On Tue, 14 Jun 2016 08:56:50 -0400
Joe Quinn wrote:

> On 6/14/2016 8:33 AM, Matus UHLAR - fantomas wrote:
> > that is just what I would like to know: If OCR produces results
> > good enough
> > for BAYES and other rules.
> >
> > I don't think there's difference between bayes and other rules.
> > It's also possible that BAYES would have better results with misread
> > characters than other rules.  
> I've dealt with OCR in the past, and have always had to go back 
> afterwards and manually proofread the results. I expect the impact on 
> Bayes would be a massively increased dictionary of rare words that 
> result from poor "keming" in the image.

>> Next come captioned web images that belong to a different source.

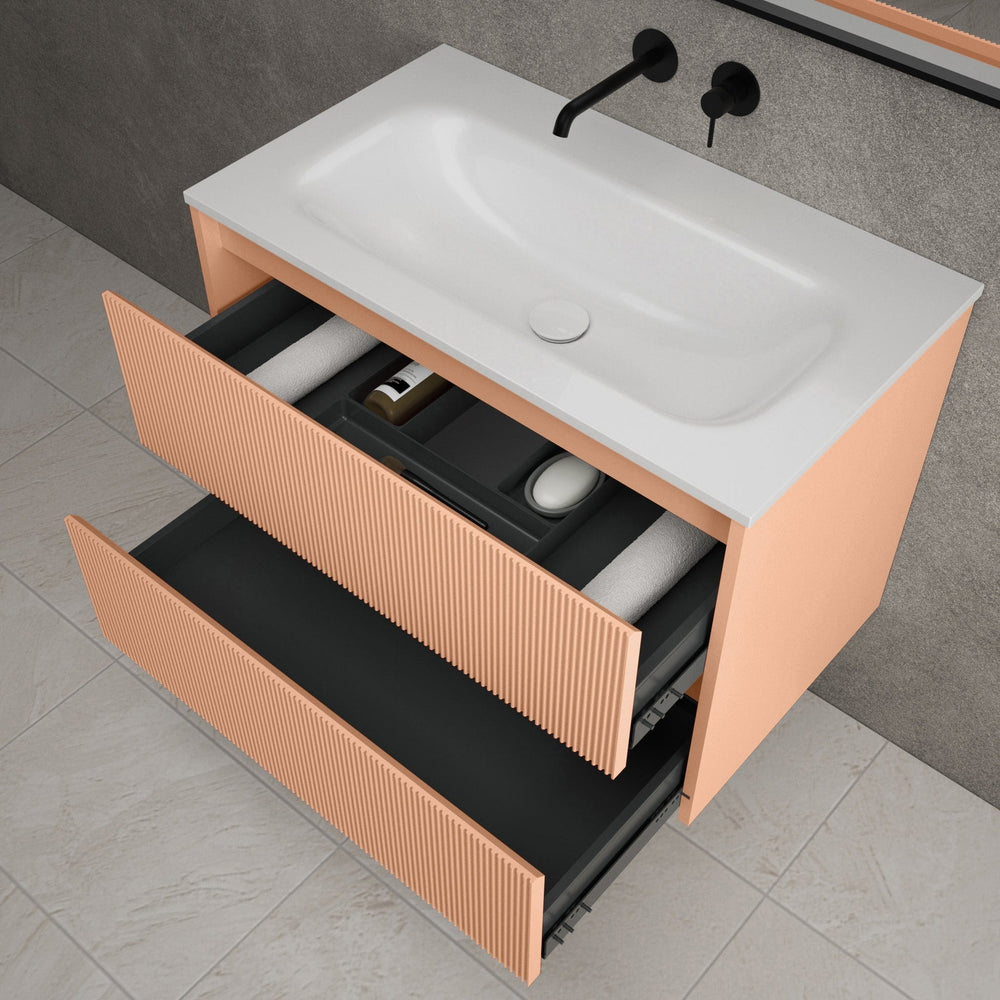 Scanalato Double Drawer Vanity Unit  With Beyondstone Basin - Peach Fuzz 800mm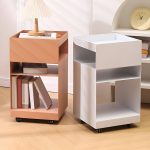 "Modern Metal Nightstand with Open Storage and 4 Shelves in Steel Decor - Khaki 2 Piece Set"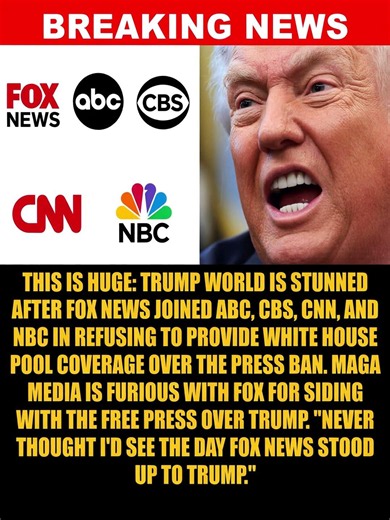 THIS IS HUGE: Trump world just got blindsided when Fox News joined ABC, CBS, CNN, and NBC in a...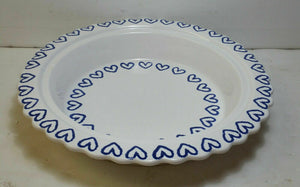 Spongeware Pie Plate w/ Lid Dark Blue Hearts on White Scalloped Edge For 9" Pie - Masolut Superstore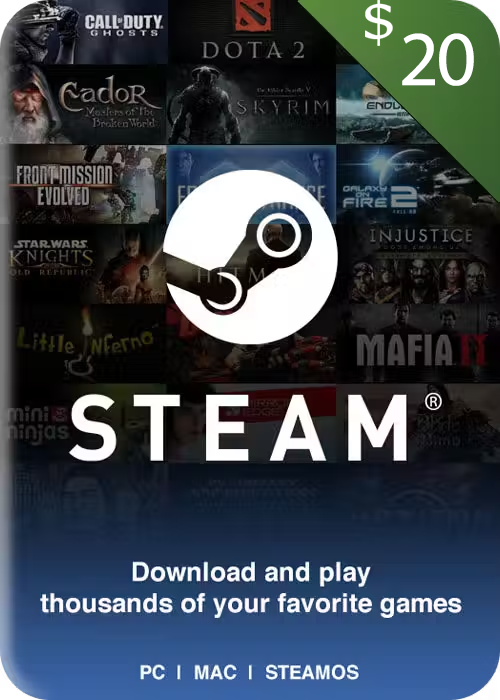 Steam Wallet Gift Card USA 20 USD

Personally I find that a typical spam adds ~30 new tokens, most of
which will be ephemeral. If image spam is a small minority of spam it's
not likely to make a huge difference. It's also not the worst offender.
A few weeks ago I was getting spam that placed an Asian character
between each letter, and that was averaging ~600 new tokens per spam.


I stopped using OCR a long time ago because I didn't find that image
spam was particularly hard to catch. These days I find that spams with
images are mostly either pictures of Russian girls or spoofed corporate
logos. 

Is OCR really all that useful?



 Some PDFs are written in 
> extractable text instead of images, but those tend to use 
> fractional-width spaces for kerning so it's not always easy to figure 
> out what's a real word there either.
> 
> That said, Google seems to use OCR on images in their filtering
> (quoth Wikipedia), so maybe it works when you have a sufficiently
> enormous data set that the OCR glitches are no longer rare and a
> decent inference can be made from them.